**Task requirements**
For this exercise, repeat exactly the lines below starting at the line holding "Master Suite |" and ending at the line holding "four people in caps and gowns", both included, with no extra lines and no pictures.

**Material provided**

_ _ _

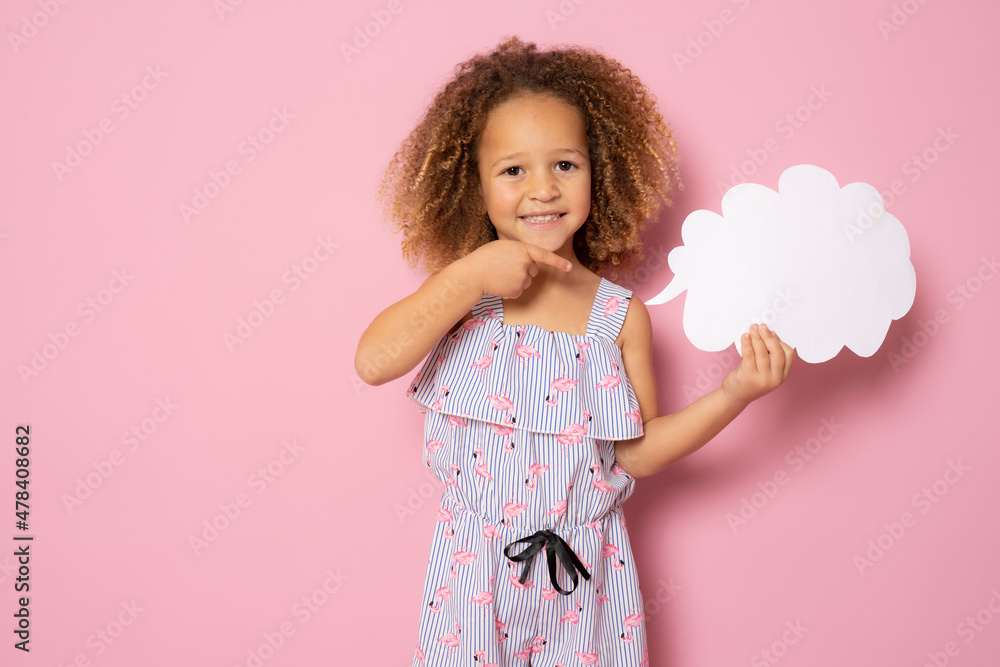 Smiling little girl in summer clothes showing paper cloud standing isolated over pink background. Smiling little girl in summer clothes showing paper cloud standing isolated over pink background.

_ _ _

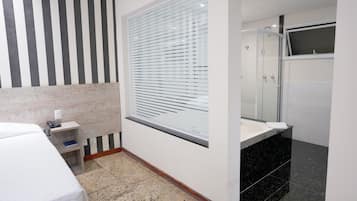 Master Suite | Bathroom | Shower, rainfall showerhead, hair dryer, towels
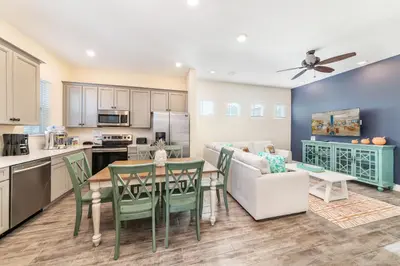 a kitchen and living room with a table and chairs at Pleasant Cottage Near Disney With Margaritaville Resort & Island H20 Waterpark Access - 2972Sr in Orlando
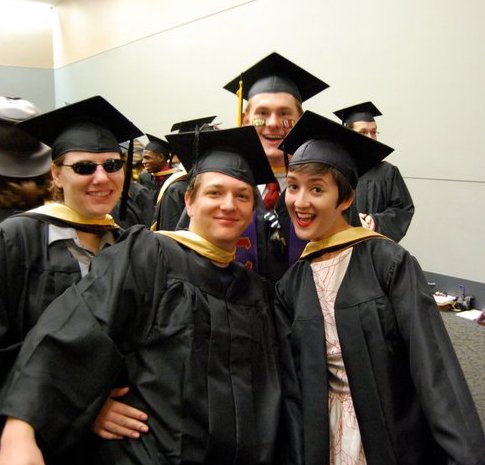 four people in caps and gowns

_ _ _

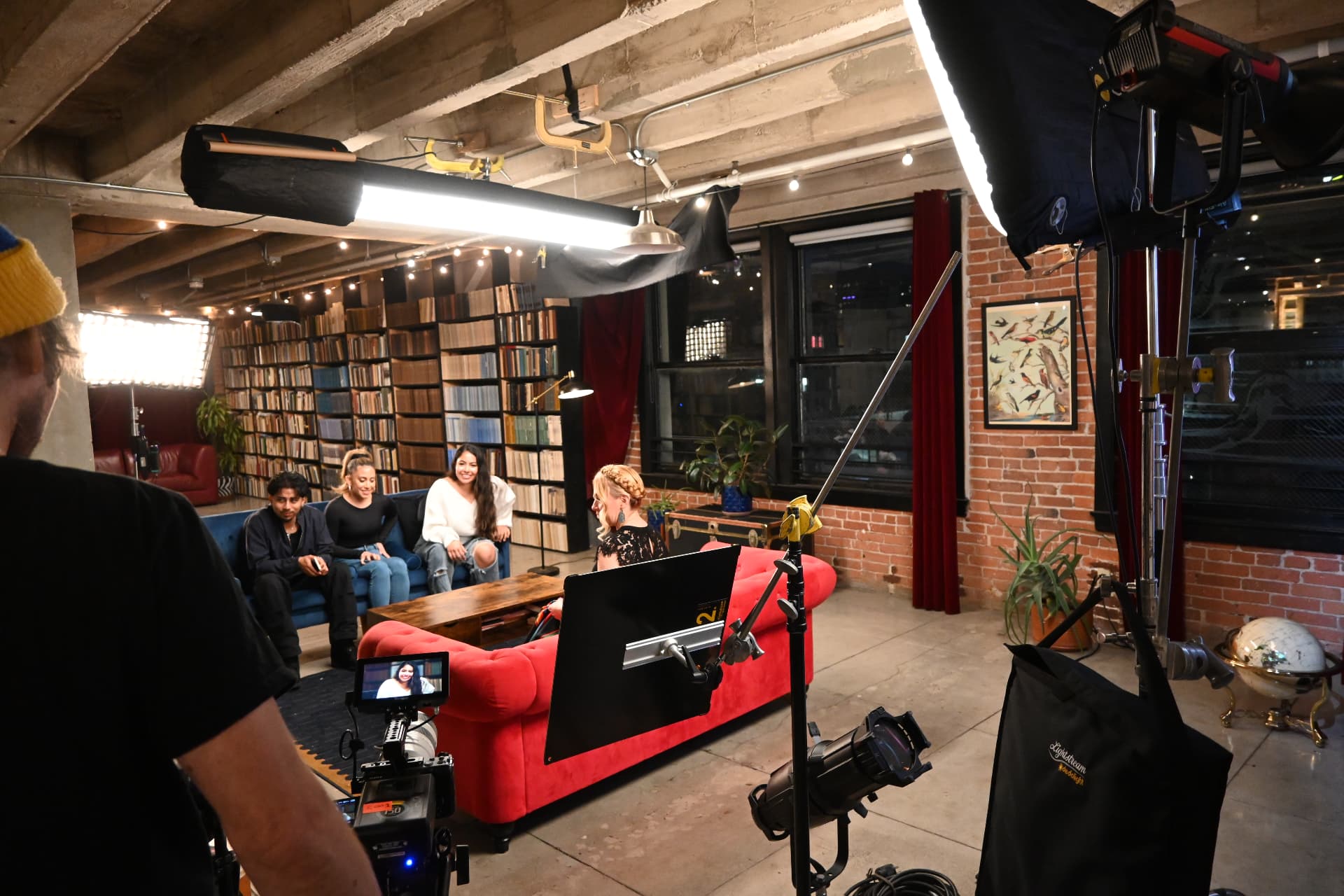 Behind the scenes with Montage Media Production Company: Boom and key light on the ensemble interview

_ _ _

**Task response**
 Master Suite | Bathroom | Shower, rainfall showerhead, hair dryer, towels
 a kitchen and living room with a table and chairs at Pleasant Cottage Near Disney With Margaritaville Resort & Island H20 Waterpark Access - 2972Sr in Orlando
 four people in caps and gowns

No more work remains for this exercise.